Что ж, бабы все разные: одна умеет слезы попридержать, другая — нет. Одна спрячет горе внутри себя, другая — напоказ выставит. Понимала Настя, что у Клавдии характер послабей, помогала подруге, иной раз сердилась, а то и покрикивала: «Нечего носом хлюпать!..»
Да маловато, видать, покрикивала.
Однажды Клавдия пустила в дом постояльца — шабашник он был, что ли. Из другой деревни. Понятное дело, здоровенному-то мужику по ночам не спалось в избе у одинокой женщины…
Только должна же быть у Клавдии голова не плечах! Могла сообразить, что к чему. Остеречься могла. Не первый такой случай, мало ли заезжего люда останавливается в деревне…
Вон и у Насти было один раз: попросился заночевать районный заготовитель. Не отказала Настя, приготовила постель, ребятишек уложила на полатях, сама легла на голбце. Уже засыпать стала, вдруг слышит — половицы скрипят.
— Чего тебе? — спросонок заботливо спросила Настя.
— Да так, ничего… только вот… скучно одному-то… — пробормотал заготовитель и горячими, странно мягкими ладонями провел по ее голым рукам.

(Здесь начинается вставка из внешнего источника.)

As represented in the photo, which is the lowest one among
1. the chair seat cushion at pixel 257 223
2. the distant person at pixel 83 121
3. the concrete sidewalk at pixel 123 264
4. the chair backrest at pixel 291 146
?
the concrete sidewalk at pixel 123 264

— Давай не будем, сынок! — язвительно сказала Настя, окончательно проснувшись. Во тьме заворчала Катшо у порога, и Настя испугалась, что проснутся дети, давно привыкшие к нетронутой ночной тишине и сладко посапывающие на полатях.
— Рано тебе в старухи записываться!.. — шептал заготовитель, не отпуская ее. — Рано!.. Гляди ты какая!
Она привстала, ударила по отвратительно мягким его рукам. И крикнула, уже не сдерживая голоса:
— Марш на место! Тебе где постелено?! А если не спится, на дворе быстро охолонешь!
Заготовитель отпрянул так, что и половица-то больше не скрипнула. А на следующий вечер не явился ночевать, исчез…
Исчез и шабашник из дому Клавдии. Гостевал недолго. Но спустя месяц прибежала Клавдия к подруге в слезах: беда стряслась, что делать? Надобно старуху какую-нибудь-искать, знахарку! Нельзя же допустить, чтоб незаконный ребенок родился!
— Ты что, — закричала Настя, — совсем рехнулась?! И думать не смей!
Вот так прибавился к троим детям Клавдии четвертый ребенок, девочка. Нелегко Клавдии пришлось. Кроме разговоров по деревне, кроме осуждающих взглядов, которые все-таки можно еще перенести, главная забота навалилась — как прожить? С грудным ребенком на работу не выйдешь, продавать в доме нечего; и с тремя-то детишками жила Клавдия впроголодь.
И, пожалуй, не вырастила бы Клавдия младшую дочку, если бы не Настя. А у Насти не хватило духу осуждать и попрекать подругу, да и поздно было попрекать. Помогала Настя, чем только могла. То с девочкой посидит, пока Клавдия управляется по хозяйству, то дровишек подбросит, то сена притащит для коровы, а то позовет все Клавдино семейство помыться в своей бане.
Валя, младшая Клавдина дочка, теперь уже выросла. Работает в Эжвакаре маляром. И когда приезжает к матери, обязательно навещает тетю Настю.
Про отца Валя не спрашивает. И Настя не знает, как отвечала Клавдия дочке, как объясняла, куда подевался отец. Но когда смотрит Настя на взрослую, красивую девушку, одетую по-городскому, — странное, сложное какое-то чувство возникает у нее. И радуется Настя, и гордится, но одновременно и жалеет Валю, и стесняется открыто взглянуть ей в лицо. Будто она виновата перед Валей…
В деревне считают, что Настя из тех женщин, которых никакое горе не сломит. Будто они еще девчонками приготовились все вынести, все вытерпеть. Будто знали наперед уготованную им долю…
Да, Настя из таких женщин. Только никто в деревне не подозревает, чего стоило Насте держаться. Господи, какая окаянная тоска жгла ее, особенно в праздники! Увидит в окно супружескую чету: муженек по дороге вышагивает, а чуть поодаль — женушка; глаза у нее кошачьи, счастливо-бездумные, напевает вполголоса: «…Цыганка гадала, за ручку брала…» Увидит это Настя, рывком захлопнет окошко, а в груди боль, в груди камень раскаленный… Подбежит к стене, посмотрит на фотографию Александра, выцветшую фотографию, переснятую когда-то с маленькой карточки. Застонет, зарыдает… Безмятежен взгляд Александра Будто из туманных далей, сквозь годы глядит на нее молодой Александр и не видит, что теперь с его Настей делается.
А впрочем, и хорошо, что люди не знают Настиной тоски. Пускай думают, что горевать Настя не способна, пускай думают, что Настя лихая да веселая!